Bus usage reduced sharply through lockdown, when people were advised where possible to avoid public transport. Government responded by granting emergency subsidies to the operators to keep them afloat during the crisis. But on 5 April, even though passenger numbers still only stand at about 70 percent of pre-Covid levels, the government plans to scrap the special subsidies. As a result, as many as 5,000 provincial bus routes are for the chop.

In fact, the underinvestment in bus services in England and Wales predates the pandemic by a long way: the period 2010 to 2018 alone saw a 45 percent decline in funding. And what funding there has been has been concentrated in London, with provincial cities and rural areas starved of investment.

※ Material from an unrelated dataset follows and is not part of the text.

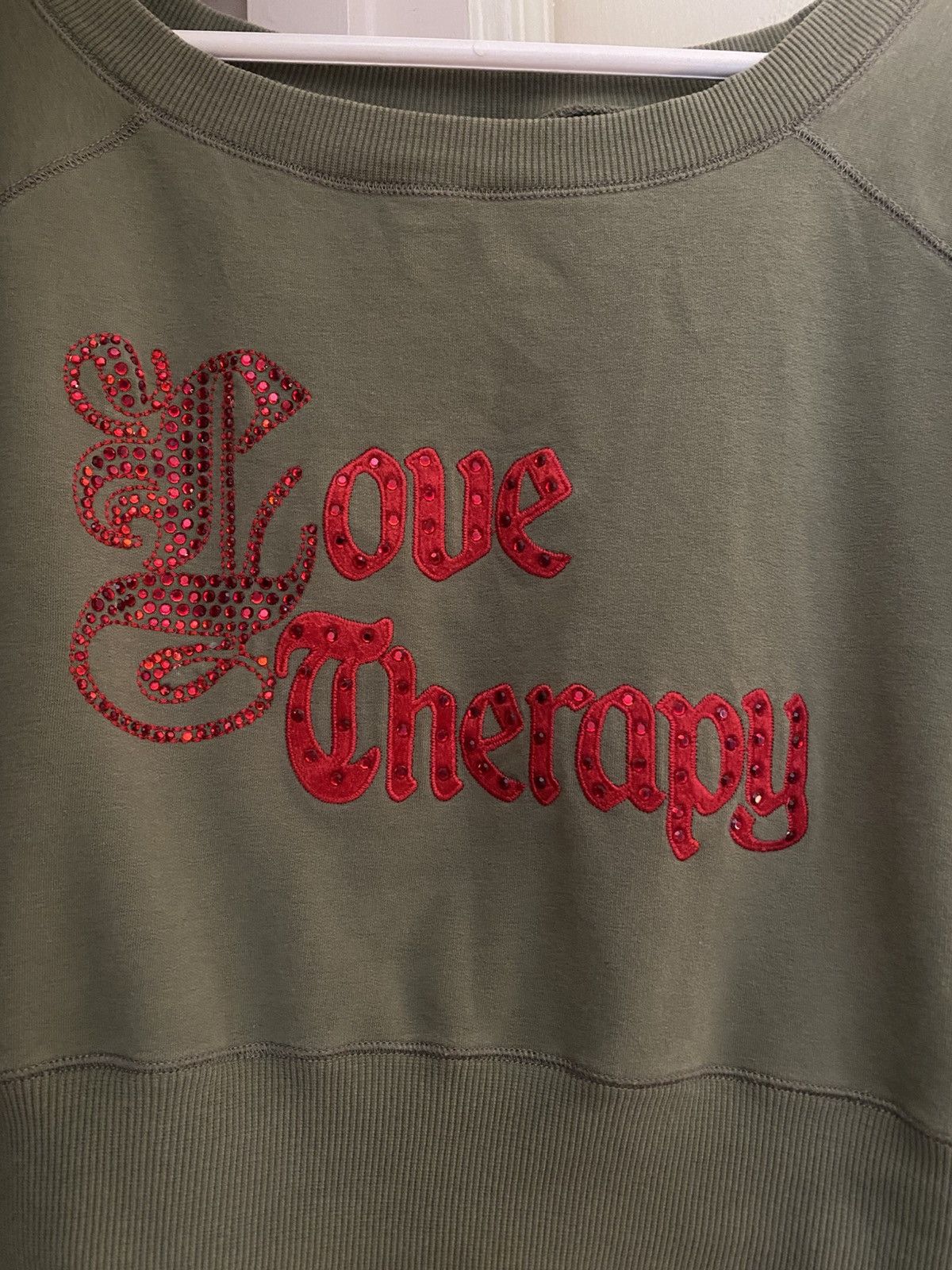 Fiorucci Elio Fiorucci Love Therapy Fitted Sweatshirt Size M / US 6-8 / IT 42-44 - 2 Thumbnail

“Transport spending per person in London is £1,019 a year, figures show. But in the ‘Northern Powerhouse’ – the north west, the north east, ­Yorkshire and the Humber – it is £417. In the ‘Midlands Engine’ – the East and West Midlands – it is just £337. The East Midlands had the lowest level of investment per person (£245), followed by the south west (£290) and then ­Yorkshire and the Humber (£315).” (Thousands of bus networks ‘have been wiped off the map’ thanks to Tory cuts by Keir Mudie, Daily Mirror, 27 January 2019)

At a time when the government is supposedly committed to getting people out of cars and onto public transport it is simultaneously pulling the plug on bus services, using ‘Covid’ as a convenient smokescreen to cover up a longstanding failure to invest in public services.

The impact on many people’s lives of losing bus services is incalculable, especially the elderly and infirm and those living in isolated areas.

The private bus operators are agitating for a temporary extension of the pandemic subsidy, with the implied threat that if this is not forthcoming thousands of bus routes will be sacrificed.

The real solution to the crisis, however, would be to renationalise the bus industry and fund it as an essential national public service for all, neither as a playground for private operators nor a special preserve of the metropolis alone.